> Aim of the exercise
In the data below, find the line containing "Đồng Euro Chờ Đợi Chỉ Số Niềm Tin Tiêu Dùng", then set down that line and every later line up to and including the line containing "Free People Free", exactly.

Data excerpts
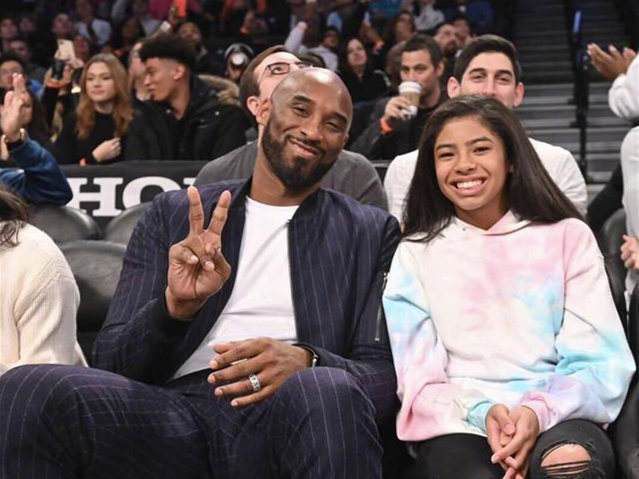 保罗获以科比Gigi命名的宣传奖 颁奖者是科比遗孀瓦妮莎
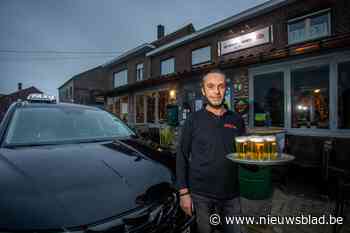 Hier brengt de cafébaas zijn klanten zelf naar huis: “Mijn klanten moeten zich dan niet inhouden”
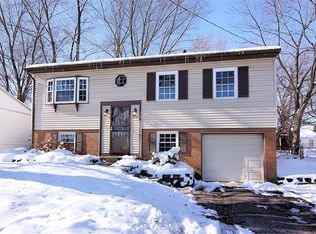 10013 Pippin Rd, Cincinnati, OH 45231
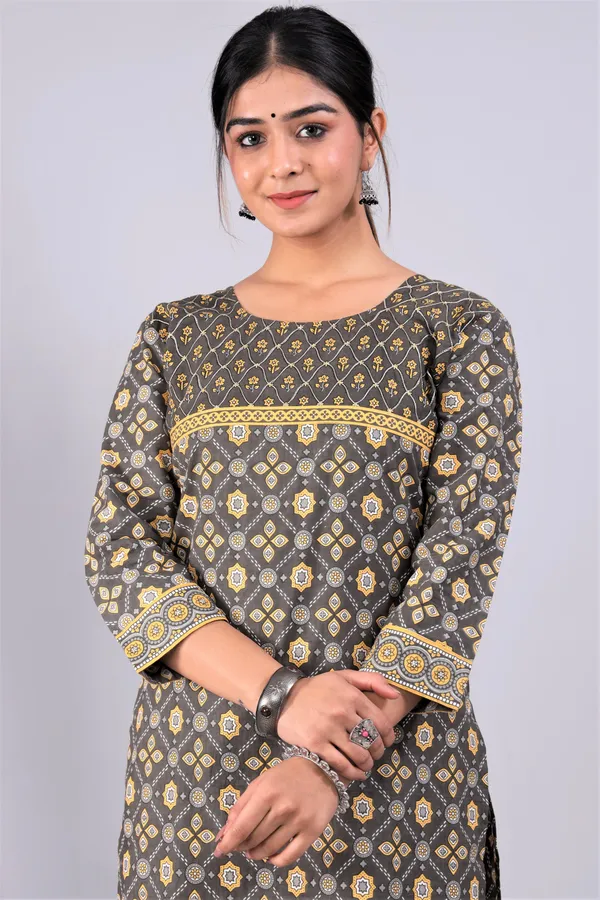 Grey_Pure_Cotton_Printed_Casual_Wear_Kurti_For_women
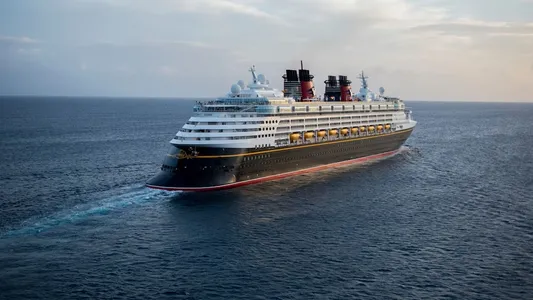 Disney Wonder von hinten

--

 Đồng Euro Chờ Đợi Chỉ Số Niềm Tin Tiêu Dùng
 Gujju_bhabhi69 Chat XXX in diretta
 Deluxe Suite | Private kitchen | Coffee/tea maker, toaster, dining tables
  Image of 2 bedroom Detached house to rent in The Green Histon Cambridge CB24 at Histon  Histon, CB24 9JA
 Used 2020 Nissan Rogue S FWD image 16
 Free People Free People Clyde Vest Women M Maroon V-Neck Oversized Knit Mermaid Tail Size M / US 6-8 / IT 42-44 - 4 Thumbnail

> Answer for this exercise
 Đồng Euro Chờ Đợi Chỉ Số Niềm Tin Tiêu Dùng
 Gujju_bhabhi69 Chat XXX in diretta
 Deluxe Suite | Private kitchen | Coffee/tea maker, toaster, dining tables
  Image of 2 bedroom Detached house to rent in The Green Histon Cambridge CB24 at Histon  Histon, CB24 9JA
 Used 2020 Nissan Rogue S FWD image 16
 Free People Free People Clyde Vest Women M Maroon V-Neck Oversized Knit Mermaid Tail Size M / US 6-8 / IT 42-44 - 4 Thumbnail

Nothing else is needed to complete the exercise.